Drama Centre: Talk about saving the craziest for last. Drama
Centre. The rumours that you hear about the place are mind-boggling. Even the
facts they actually tell you on their website are pretty scary.
The place has twelve-hour working days (plus
some weekends).
Words like “intensive” and
“methodological” are bandied about as if they were the key words in an advert
for a children’s adventure camp.
Phrases like “break you down
and build you up again” seem to pop up with alarming frequency when referring
to Drama Centre.
All in all, it sounds like the
drama equivalent of Guantanamo Bay.
Nevertheless, it has produced
incredible results (see Colin Firth, John Simm, Helen McCrory, Tom Hardy etc.

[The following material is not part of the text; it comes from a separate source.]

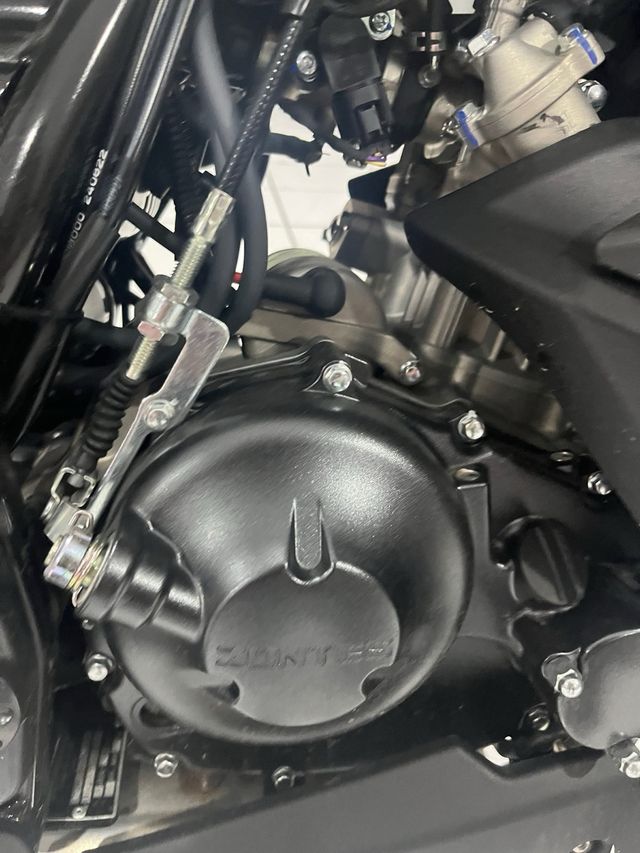 Despiece Zontes u 125cc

etc.) and so it was with nervousness that I approached the school, unsure of
what to expect.
I waited in the lobby for a
while until a current student came and escorted a group of us up into the main
building area. It seemed pretty shabby for a top drama school but then the
student informed us that they would be moving to a new campus in King’s Cross
in 2012, which was all nice and shiny. We were split up and told to join with
various groups of other people whose audition times were evidently earlier on
in the day than mine was. The groups were separated by weird wall/barrier
things so it was like sitting in our own little compartment. My group seemed to
consist of people who were all older than me (again?!?), one of whom annoyed me
so much that I still remember him vividly a year later. He was 21 years old (he
informed us all), was a bit chubby (he conveniently forgot to inform us all –
although he hardly needed to…) and considerably camper than me, and he
delighted in telling everybody, nice and loudly, about the recalls he had been
getting, the acting he had been doing here, there and everywhere, what his
monologues were about, and so on. Worst of all, the girls all seemed to love
him!! What the f&%@?!?!?
Anyway. My audition time came
and went. A student came and told us they were running a little bit behind
schedule. More time passed. Another student came and said the same thing. Then,
eventually, about an hour after it was supposed to be, I was finally called up.

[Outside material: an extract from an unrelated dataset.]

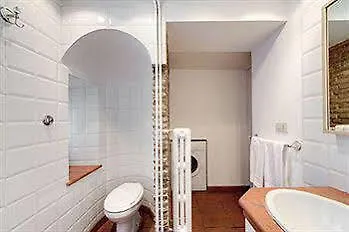 Penzion Residenza Domizia 3*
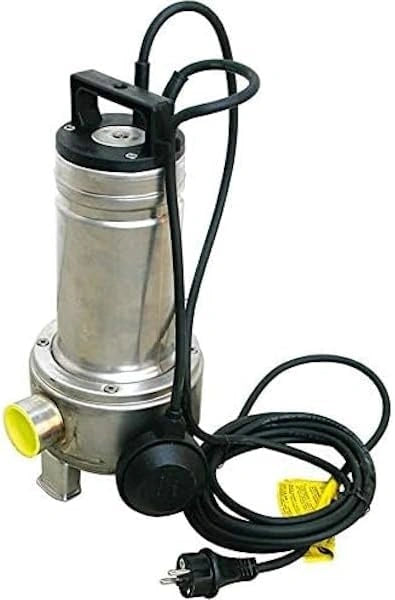 Lowara, Appareil électrique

Here I was, at Drama Centre. My
last hope of going to drama school in the autumn. I was not going to waste it.
I was going to do as well as I could possibly do – I had to. I had been busy
with school work in the last couple of weeks, but I had carved out time to work
on my speeches again. Would it be enough?
I entered the room, did the
usual thing, and started.
My modern went very, very well.
The best I could remember doing it, really. One of the ladies on the panel
actually said, “Very good”, or words to that effect, when I finished it. But
now the Shakespeare. How would it go? The answer, again, was that it was the
best I could remember doing it. The problem was, though, that I hadn’t had
enough time to find another Shakespeare speech after my Central audition (the
weeks before Central had been spent learning and rehearsing one of the speeches
from their list as opposed to actually focusing on my own), and as such, “the
best that I could remember doing” my Shakespeare speech was average, at best –
it just wasn’t a fantastic speech to start with, and I also struggled to
connect to it. The best I could do with it was really not enough: nowhere near
as good as my modern was, anyway.
But my modern had been
excellent – I was very happy with it. I sat down to the interview with them,
which I think, again, went well, although on reflection (in comparison with how
ready I feel now, as I am writing this) I really was under-prepared. Nonetheless,
it was still the best interview I had had, and I left the audition room feeling
pleased. Whatever the result, I really had done as well as I could have done with
the amount of preparation that I did (not that that preparation was
particularly strenuous, but at least I did the best I could with what I had, if
you see what I mean).
I sat back down in our little booth
thing and waited. We had been told that the results for each group would be
posted on a piece of paper on the notice board on the wall in each of the cubicles
(I really don’t know what to call them), and as everybody had by now
auditioned, and we were told the panel were making up their minds about us and
that the results would be posted soon, there was a lot of tension around. As a
result of this, whenever anybody remotely important-looking appeared clutching
any paper-based item there was a great intake of breath followed by excited
whisperings, until the person in question corrected everybody’s mistake and
told us that what he was holding was, in fact, just a pack of Kleenex or an
origami frog or something.
But, eventually, it happened:
the papers were posted, and immediately everyone darted over to look at their
respective sheet to see if their name appeared on it. Out of our group of ten
or so, four had been recalled.
Not me.
I remember walking out of the
building and back to the Tube station in a bit of a haze. I was disappointed –
incredibly disappointed – but also weirdly relieved that it was all over for
another year. These auditions are the most stressful situations I can ever
remember having to put myself through, and as such it was nice to think that it
was now out of my hands.
I knew I could do better – much
better – than I had done. I knew I could
do Shakespeare well, even if I hadn’t this year, and that I could find an even
better modern speech (I felt I had come as far as I could with my current one),
and that I could work and work and do so many other things that could help me.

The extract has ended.